Kndrd.io, a tech company that makes software tools to help manage co-living spaces, has an online marketplace listing hundreds of co-living sites around the world. Some communities are designed for artists, others for inventors.
Christine McDannell, founder and CEO of Kndrd.io, said co-living is particularly popular with entrepreneurs.
“With entrepreneurs, it’s such a unique lifestyle,” McDannell said. “Your work and your business are your life, and not everyone understands that. But when you’re living among like-minded people, you share those passions and priorities.”
For the roommates at Epic Entrepreneur House, that’s the crux of it.
“A huge benefit is accountability,” DeCelles said. “The house is checking in on you all the time.”
Strength in numbers
Each house member contributes a different set of skills to the table. For example, DeCelles and Shukla said Jensen is good at brokering deals. He’s contributed advice that was critical in growing their businesses.
They also lean heavily on each other for guidance.
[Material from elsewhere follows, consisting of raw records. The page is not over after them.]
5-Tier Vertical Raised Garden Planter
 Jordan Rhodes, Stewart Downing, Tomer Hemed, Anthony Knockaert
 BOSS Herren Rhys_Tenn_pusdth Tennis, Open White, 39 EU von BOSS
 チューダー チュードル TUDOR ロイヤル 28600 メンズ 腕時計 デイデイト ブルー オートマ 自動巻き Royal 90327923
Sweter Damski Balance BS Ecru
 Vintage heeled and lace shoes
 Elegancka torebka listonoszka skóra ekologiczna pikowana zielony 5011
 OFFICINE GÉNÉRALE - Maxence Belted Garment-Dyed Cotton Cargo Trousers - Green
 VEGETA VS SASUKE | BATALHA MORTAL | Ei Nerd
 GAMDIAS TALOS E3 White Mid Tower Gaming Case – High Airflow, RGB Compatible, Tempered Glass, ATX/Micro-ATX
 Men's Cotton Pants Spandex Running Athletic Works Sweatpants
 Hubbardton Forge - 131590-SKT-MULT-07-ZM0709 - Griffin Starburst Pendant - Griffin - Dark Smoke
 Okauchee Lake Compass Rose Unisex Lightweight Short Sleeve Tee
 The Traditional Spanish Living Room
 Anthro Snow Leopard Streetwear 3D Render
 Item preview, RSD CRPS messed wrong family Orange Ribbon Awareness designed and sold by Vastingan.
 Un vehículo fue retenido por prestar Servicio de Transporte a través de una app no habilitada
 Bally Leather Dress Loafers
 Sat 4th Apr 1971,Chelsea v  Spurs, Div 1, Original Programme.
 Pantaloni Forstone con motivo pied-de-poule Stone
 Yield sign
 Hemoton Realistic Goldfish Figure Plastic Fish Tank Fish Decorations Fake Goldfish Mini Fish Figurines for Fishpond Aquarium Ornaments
“When I have issues with my company, I go to the house first,” Shukla said. “Then I go to my Mastermind group, then my therapist, then my executive coach, then my advisory board and investors. By the time I get to the board, I have a really good answer.”
The group effort seems to be working.
Shukla’s startup, Neuralace, just closed a $3.85 million round of seed financing from venture capitalists, setting him on a path to get his medical device approved by 2020. The sunglass company owned by DeCelles just struck gold with a viral marketing video. Jensen’s dog toys are now in every Walmart store in the U.S., and he’s expanding into new ventures, including an e-sports startup.
“All of our businesses are exploding in the best way possible, and they’re exploding together because we have this synergistic effect,” Jensen said.
The growth has taught Jensen the power of networks, he said.
“They say you’re the average of the five people you associate with, but what if you spread that idea to include a whole community?” Jensen said. “That becomes really powerful.”